Extracted entries Start Marker

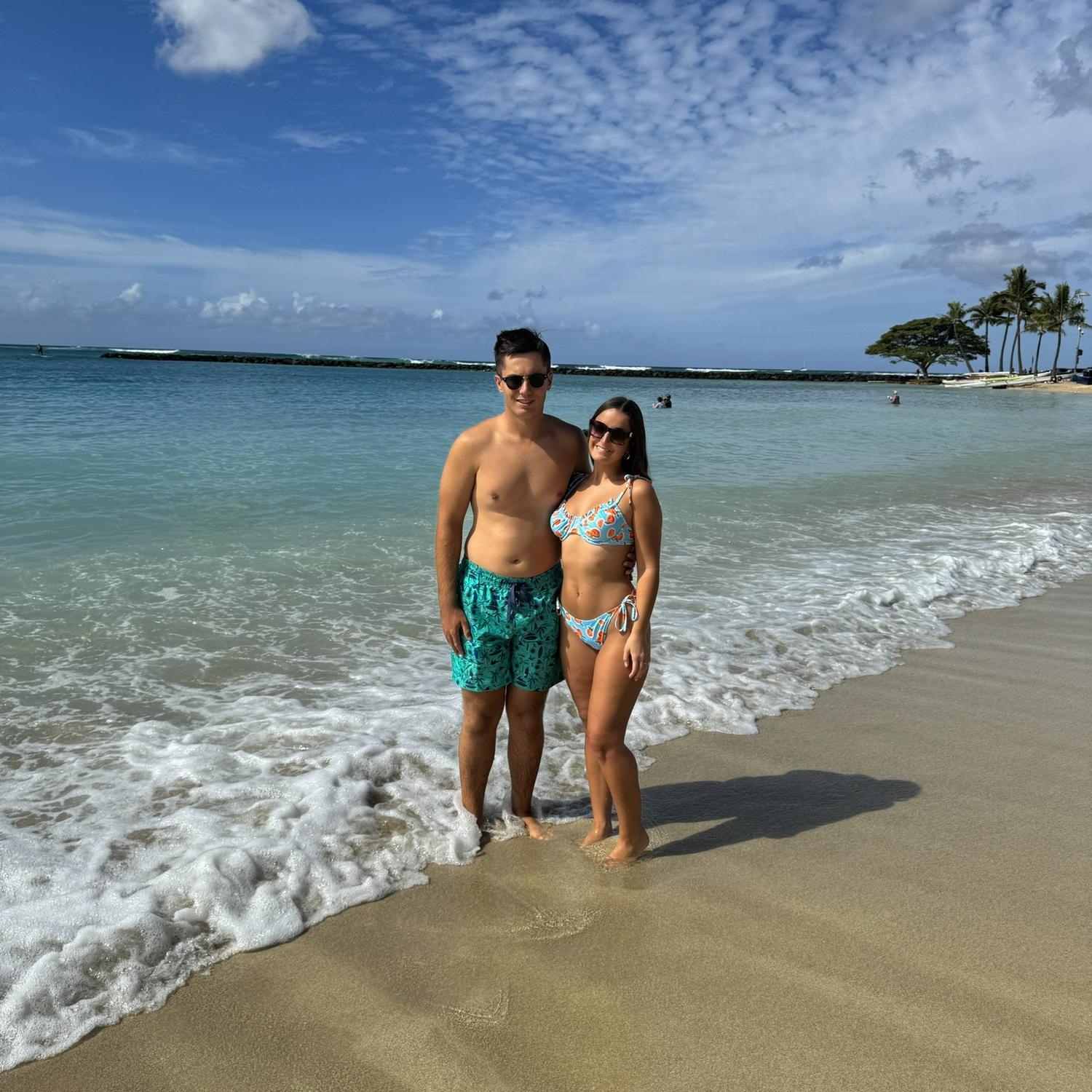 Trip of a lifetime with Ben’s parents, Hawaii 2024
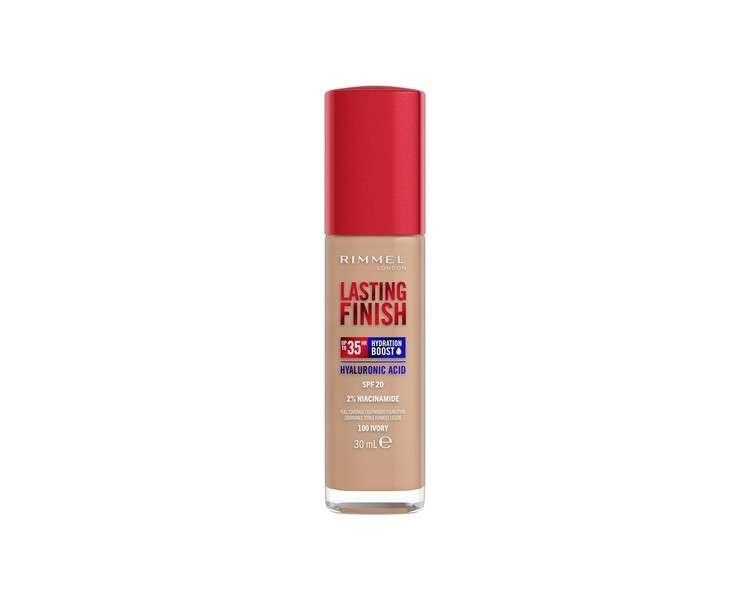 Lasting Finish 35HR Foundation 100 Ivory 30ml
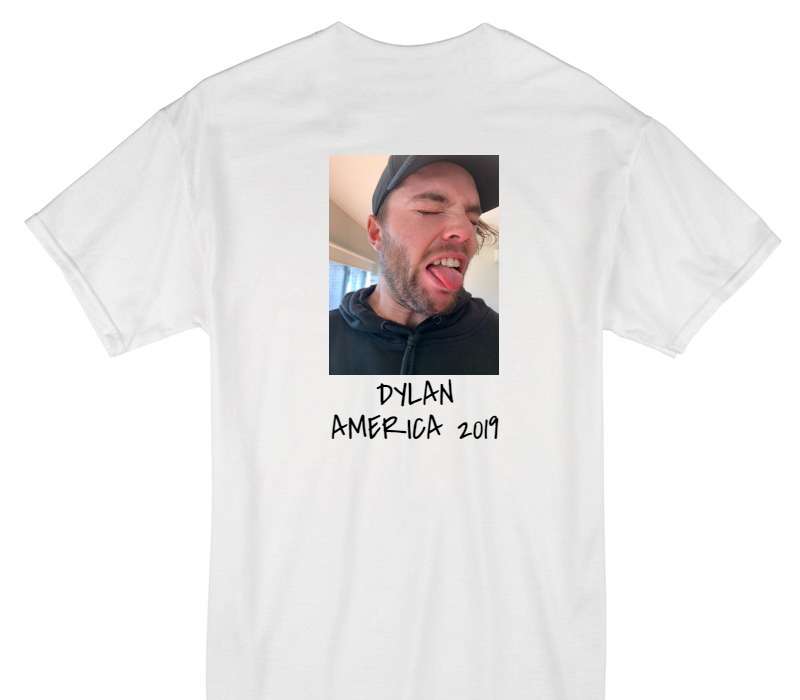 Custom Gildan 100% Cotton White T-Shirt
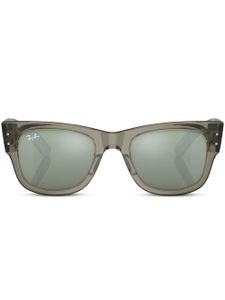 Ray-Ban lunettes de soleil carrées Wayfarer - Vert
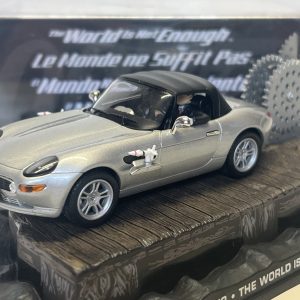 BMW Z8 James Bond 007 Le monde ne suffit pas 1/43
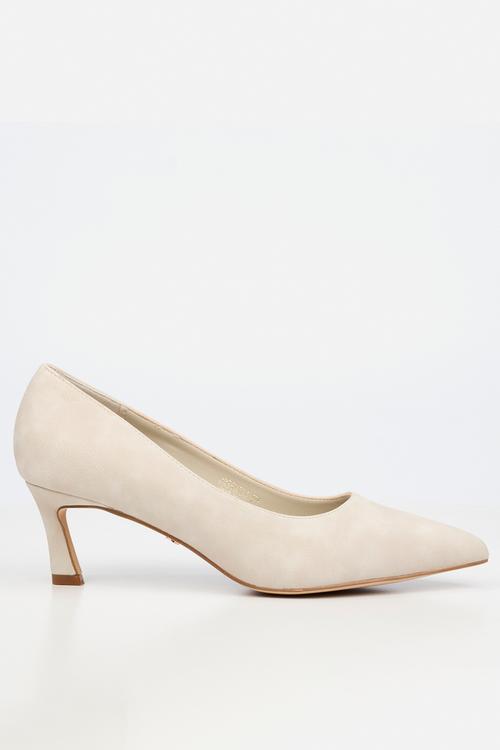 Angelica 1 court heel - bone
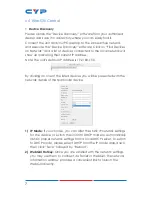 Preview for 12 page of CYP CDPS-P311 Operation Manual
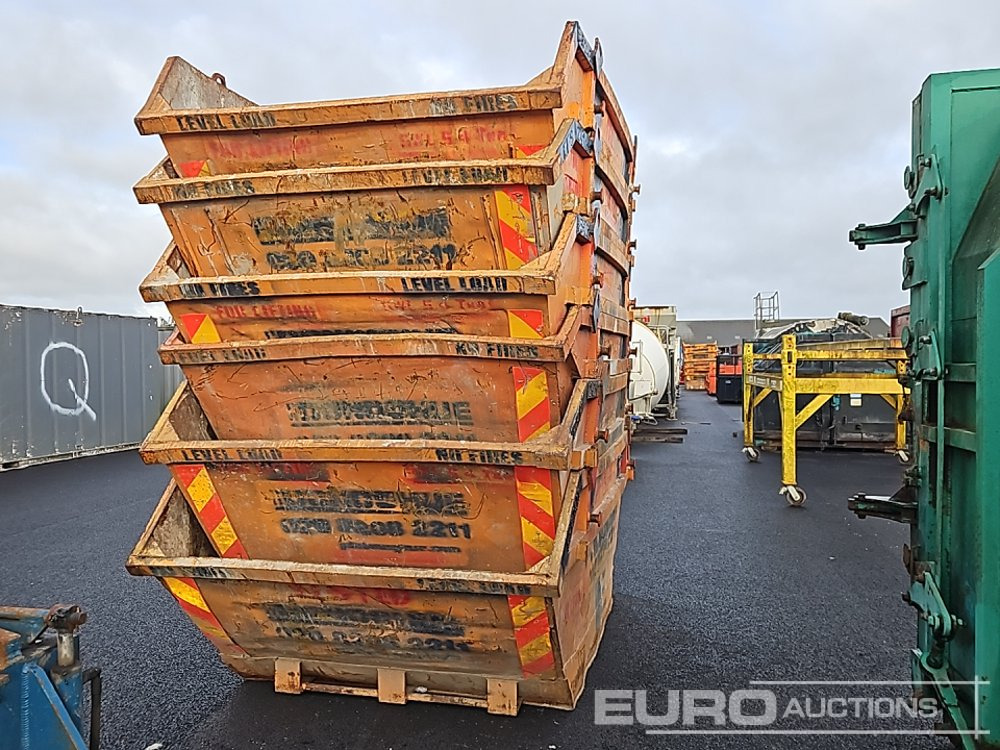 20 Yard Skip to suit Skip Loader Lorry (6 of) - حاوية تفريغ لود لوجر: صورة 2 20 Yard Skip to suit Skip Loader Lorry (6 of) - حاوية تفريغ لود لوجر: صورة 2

Extracted entries End Marker

● **Directions for this task**
Your answer must be the lines above from the one holding "Lasting Finish 35HR" up to and including the one holding "Preview for 12", exact and with no pictures.

● **Answer to the problem**
 Lasting Finish 35HR Foundation 100 Ivory 30ml
 Custom Gildan 100% Cotton White T-Shirt
 Ray-Ban lunettes de soleil carrées Wayfarer - Vert
 BMW Z8 James Bond 007 Le monde ne suffit pas 1/43
 Angelica 1 court heel - bone
 Preview for 12 page of CYP CDPS-P311 Operation Manual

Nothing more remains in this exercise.